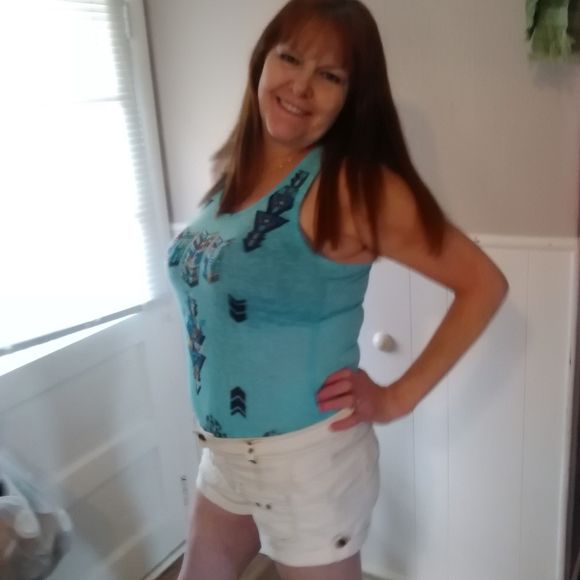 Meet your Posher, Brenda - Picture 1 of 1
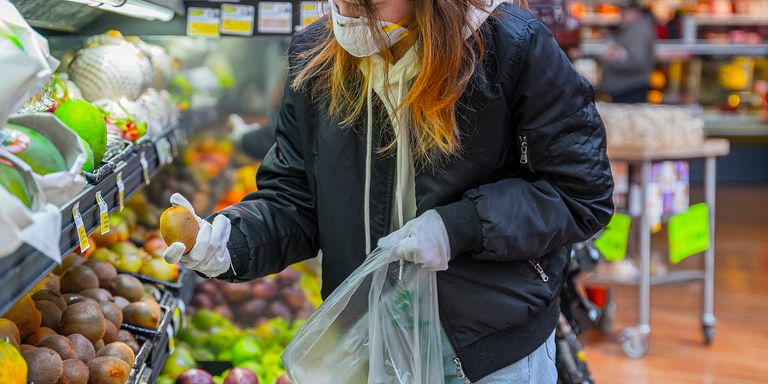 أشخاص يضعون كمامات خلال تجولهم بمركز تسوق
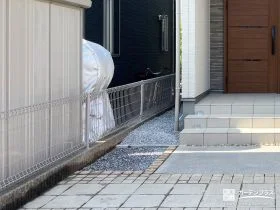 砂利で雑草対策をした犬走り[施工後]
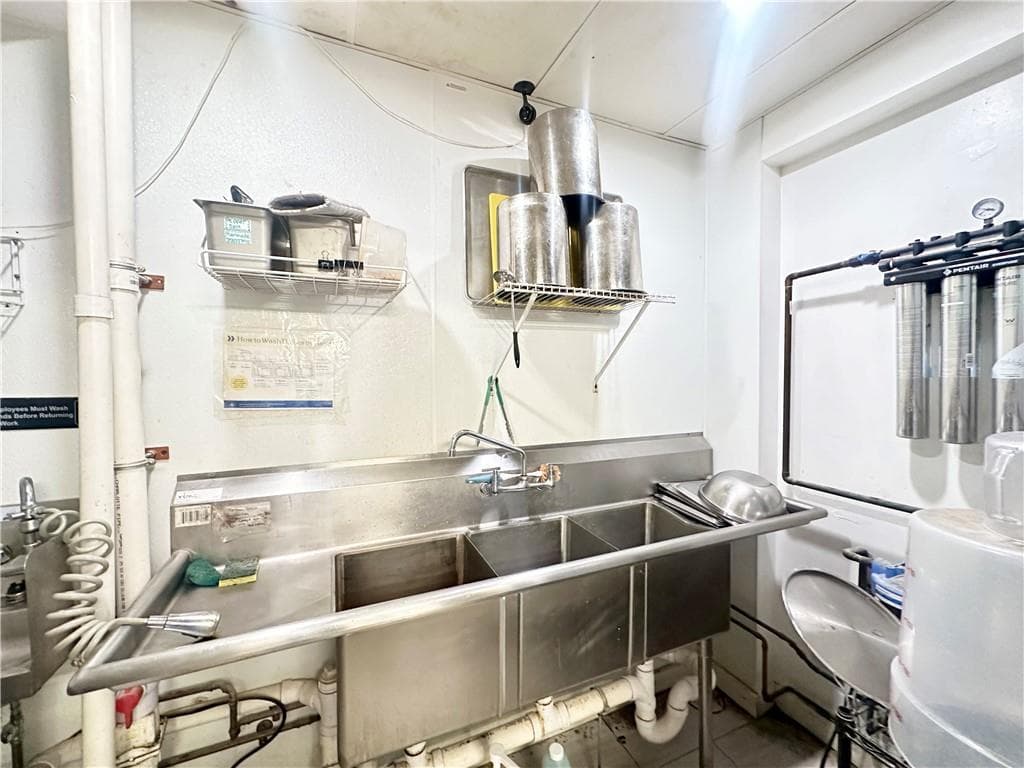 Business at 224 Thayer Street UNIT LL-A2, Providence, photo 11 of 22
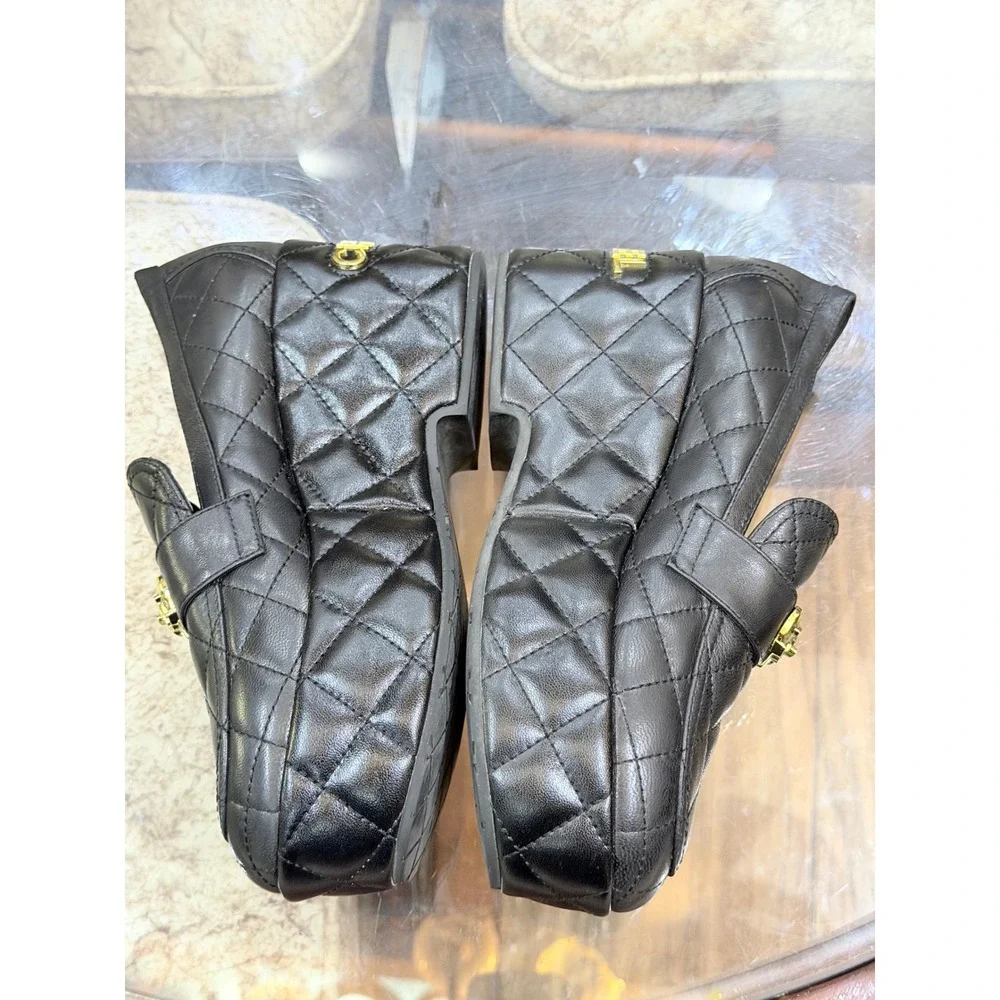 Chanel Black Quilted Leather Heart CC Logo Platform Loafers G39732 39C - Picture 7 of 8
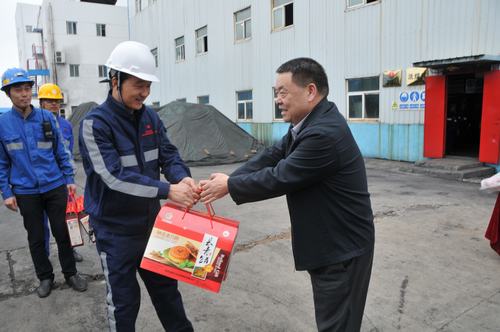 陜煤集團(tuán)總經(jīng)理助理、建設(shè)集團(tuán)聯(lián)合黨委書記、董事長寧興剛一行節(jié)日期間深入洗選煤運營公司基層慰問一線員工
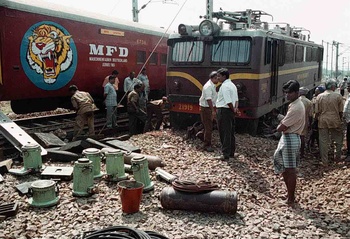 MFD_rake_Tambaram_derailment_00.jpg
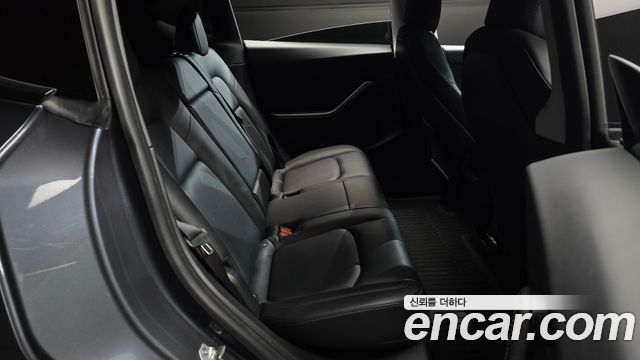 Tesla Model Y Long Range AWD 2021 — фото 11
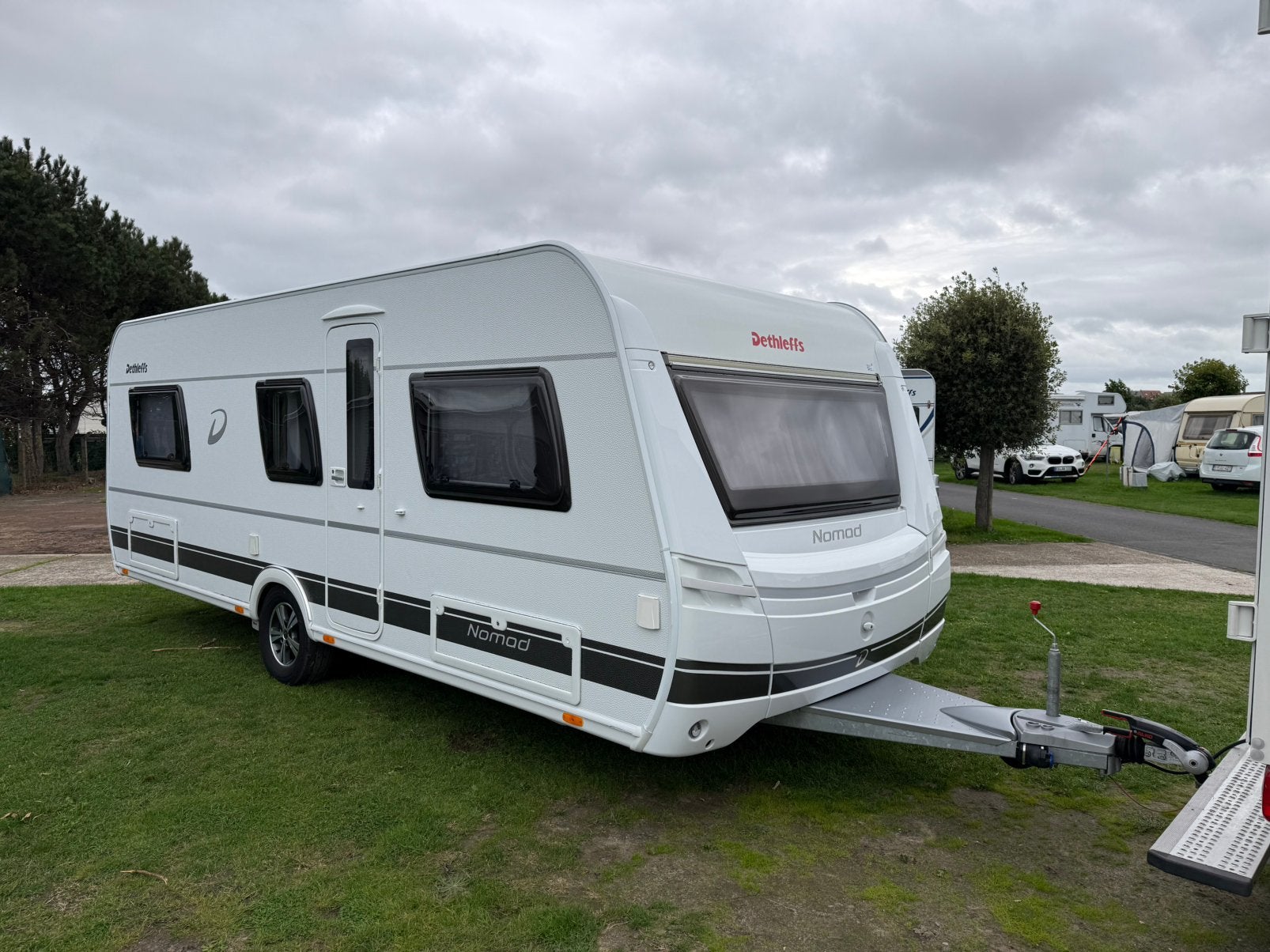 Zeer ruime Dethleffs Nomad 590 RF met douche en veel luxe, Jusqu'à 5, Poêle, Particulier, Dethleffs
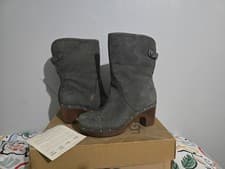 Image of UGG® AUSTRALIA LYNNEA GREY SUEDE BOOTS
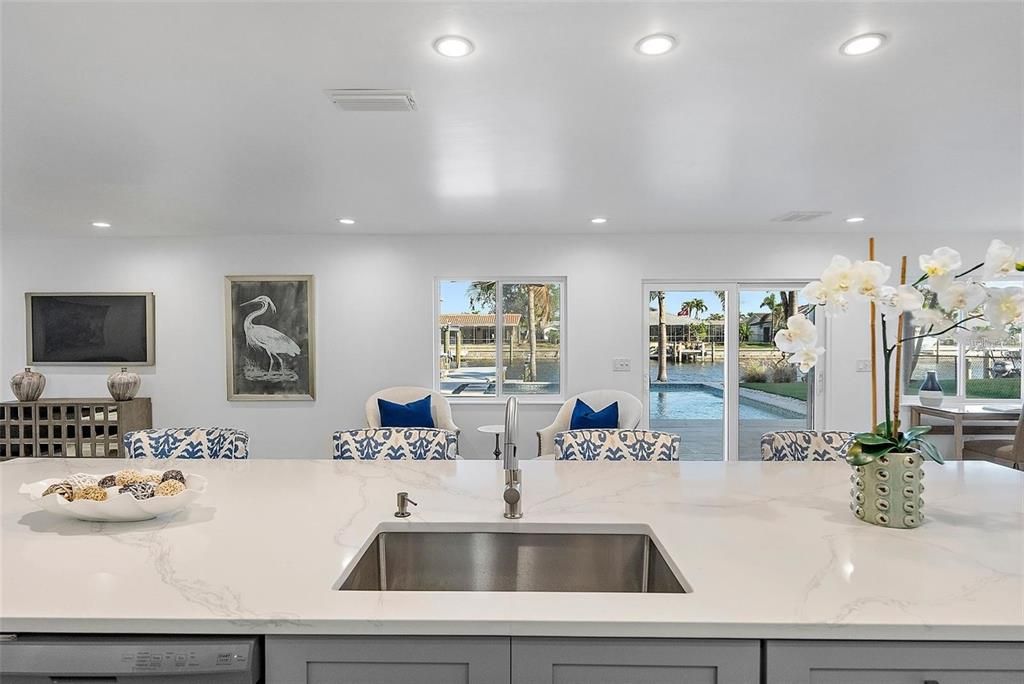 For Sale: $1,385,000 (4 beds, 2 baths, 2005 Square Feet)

* [Activity]
With pictures omitted, restate exactly every line from the one containing "Tesla Model Y Long Range AWD 2021 — фото 11" through the last line of the material, inclusive.

* [Finished exercise]
 Tesla Model Y Long Range AWD 2021 — фото 11
 Zeer ruime Dethleffs Nomad 590 RF met douche en veel luxe, Jusqu'à 5, Poêle, Particulier, Dethleffs
 Image of UGG® AUSTRALIA LYNNEA GREY SUEDE BOOTS
 For Sale: $1,385,000 (4 beds, 2 baths, 2005 Square Feet)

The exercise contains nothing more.